- [Recorded information]:
+--

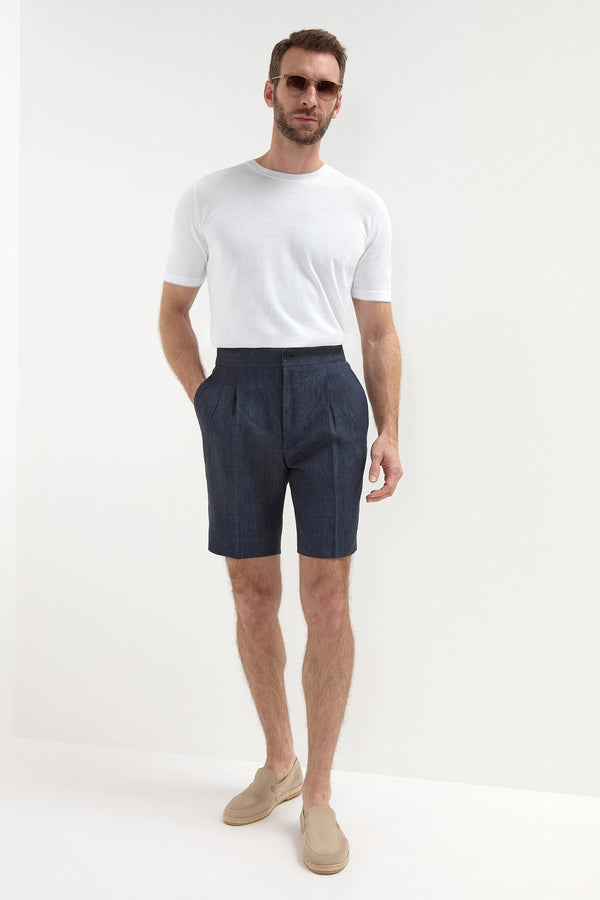 Blue Linen Relaxed Shorts, men's blue lightweight linen shorts, breathable summer shorts, elegant casual wear, comfortable and refined style, short décontracté en lin bleu pour hommes, short estival respirant, short élégant et confortable, pantaloncini in lino blu, bermuda traspirante e raffinato, abbigliamento casual sofisticato.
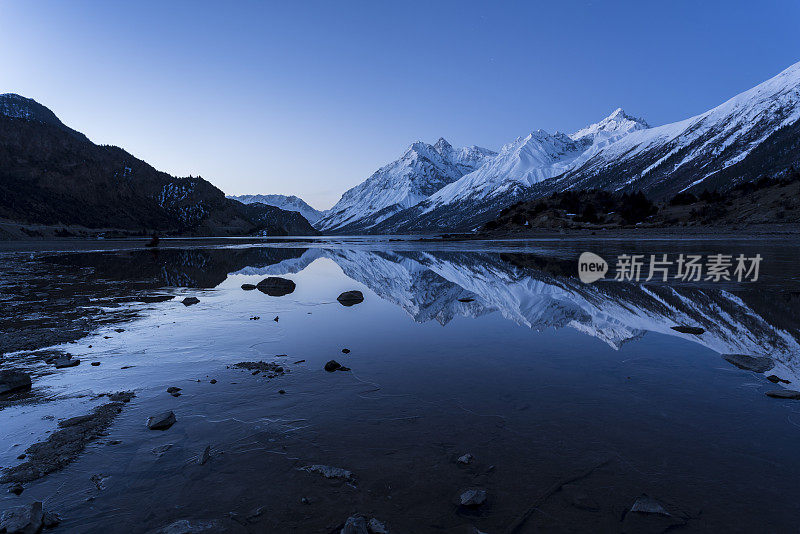 然而湖,西藏,中国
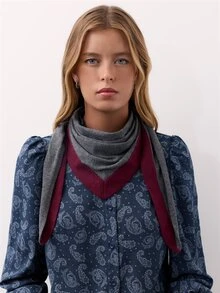 Nöista Dark Grey Knit Neck Scarf With A Contrast Design In Burgundy.. Fall, Winter, Everyday Look, Back To School,  Halloween, Accessories, Warm, Layering.. - Dark Grey - View 3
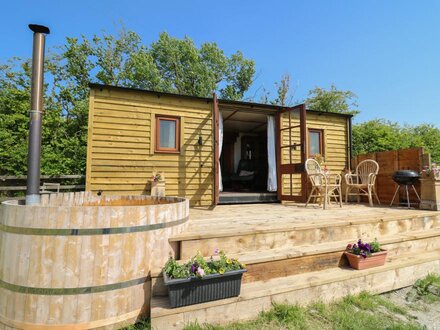 Hawthorn Hut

+--

- [Exercise brief]: The copy must match the listing above exactly but contain no pictures.

- [Reply to the task]:
 Blue Linen Relaxed Shorts, men's blue lightweight linen shorts, breathable summer shorts, elegant casual wear, comfortable and refined style, short décontracté en lin bleu pour hommes, short estival respirant, short élégant et confortable, pantaloncini in lino blu, bermuda traspirante e raffinato, abbigliamento casual sofisticato.
 然而湖,西藏,中国
 Nöista Dark Grey Knit Neck Scarf With A Contrast Design In Burgundy.. Fall, Winter, Everyday Look, Back To School,  Halloween, Accessories, Warm, Layering.. - Dark Grey - View 3
 Hawthorn Hut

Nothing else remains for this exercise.